Cruelty therefore is to be garnered taking the cumulative effect of all the factors into play. The parties are well educated and such an attempt to end her life by the appellant would certainly cause mental agony to the respondent. It would aggravate the case when the appellant tried to commit suicide in the state of pregnancy. A highly educated lady claiming that she was administered poisonous substance which she was unaware of does not help her case. No doubt in the petition the respondent did not give any specific reason or cause behind such suicidal attempt but it goes without saying that such an act even in the absence of any reason certainly would constitute an act of cruelty on the respondent husband.
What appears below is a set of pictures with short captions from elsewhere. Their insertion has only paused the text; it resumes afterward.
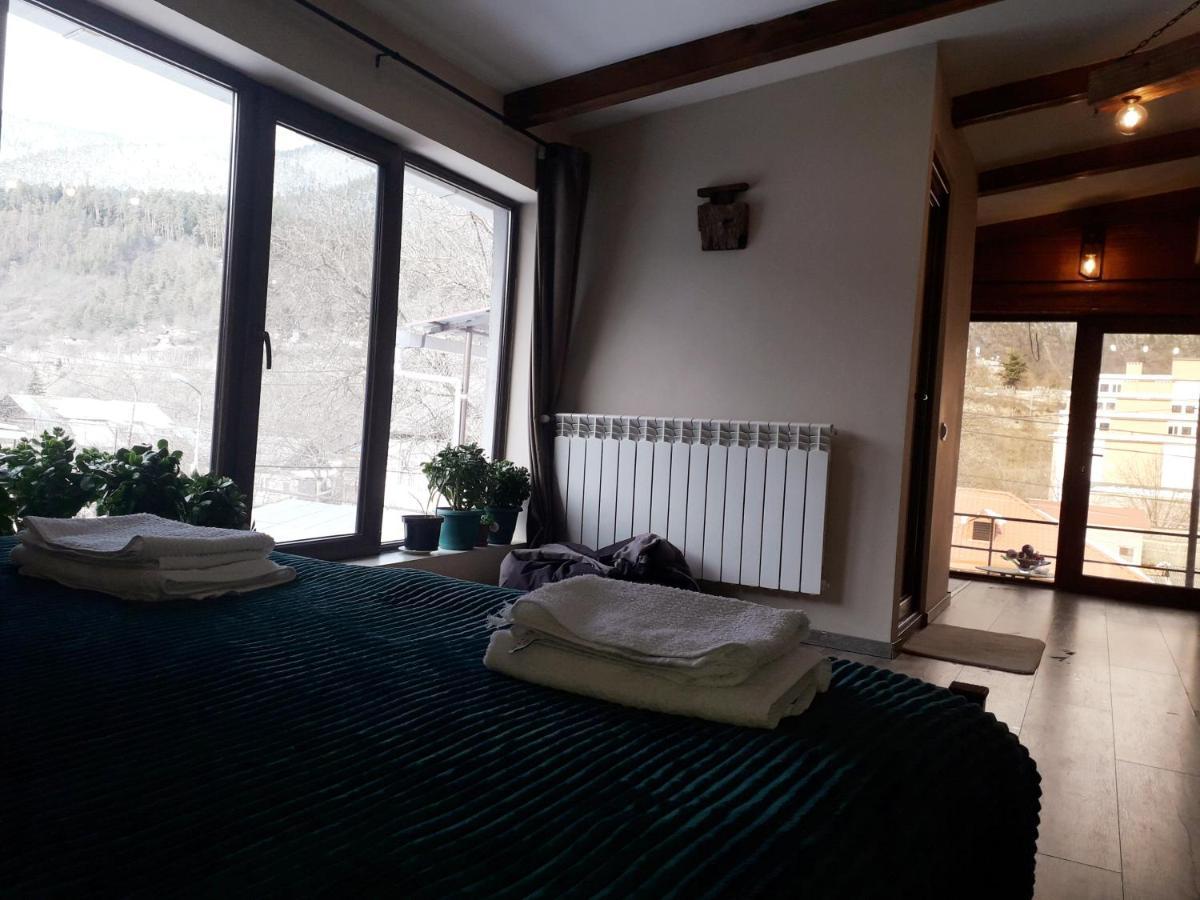 Holiday Home Borjomi Exterior photo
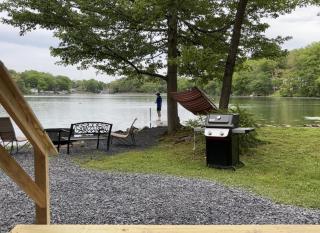 Lakefront Haven Modern Cottage - 2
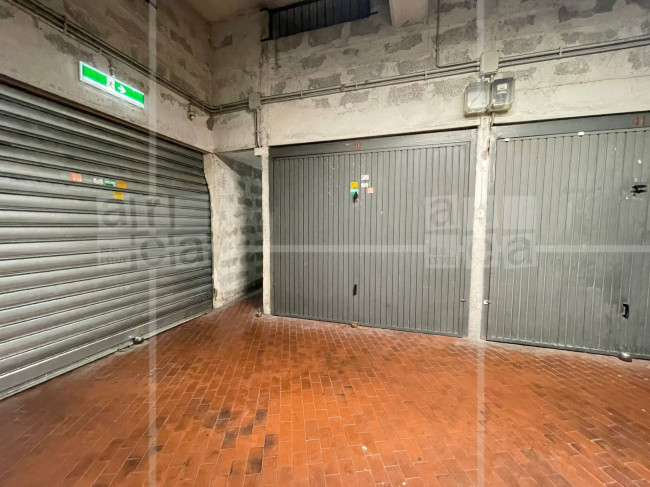 Box o garage in vendita a Roma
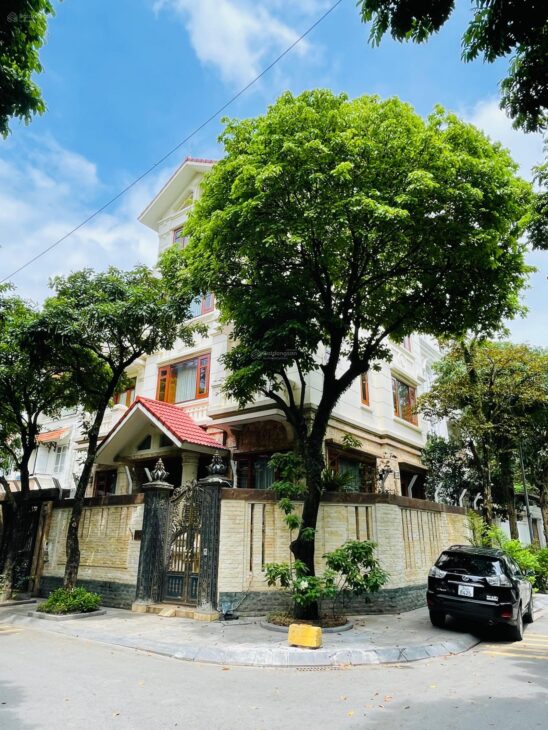 Chỉ 68,5 tỷ sở hữu ngay biệt thự vị trí đẹp nhất bán đảo Linh Đàm, diện tích 255m2, xung quanh là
9. Even on the second argument of the counsel for the appellant, this court does not find any merit in it. The complaint under Section 498A/406/34 IPC was lodged by the appellant during the pendency of the said petition filed by the respondent for judicial separation. In her complaint the appellant roped in various relatives of the respondent which include his uncle and aunt residing at Saharanpur and brother and sister in law residing at Baroda. The learned trial court is right in taking a view that false implication of relatives who were residing at far off places from the matrimonial home of the appellant and against whom there are no specific allegations of cruelty in itself is an act of cruelty by the appellant towards her husband. However, as these relatives were not charge-sheeted by the police the same would clearly show that the police did not find any incriminating material against these relatives during the investigation and this by itself is sufficient enough to show that the appellant had roped in and implicated all these relatives with vengeance to cause unnecessary harassment to them and such act certainly would cause cruelty to the husband with whom they are related. Implicating the relatives with a motive to harass the relatives, residing in different parts of the country, is nothing but a ruthless act of harassment. Therefore, the respondent husband has successfully proved cruelty on the part of the appellant on both the counts.
10. In the light of the above, this court does not find any infirmity or illegality in the findings arrived at by the learned trial court. There is no merit in the present appeal and the same is hereby dismissed at the stage of admission itself.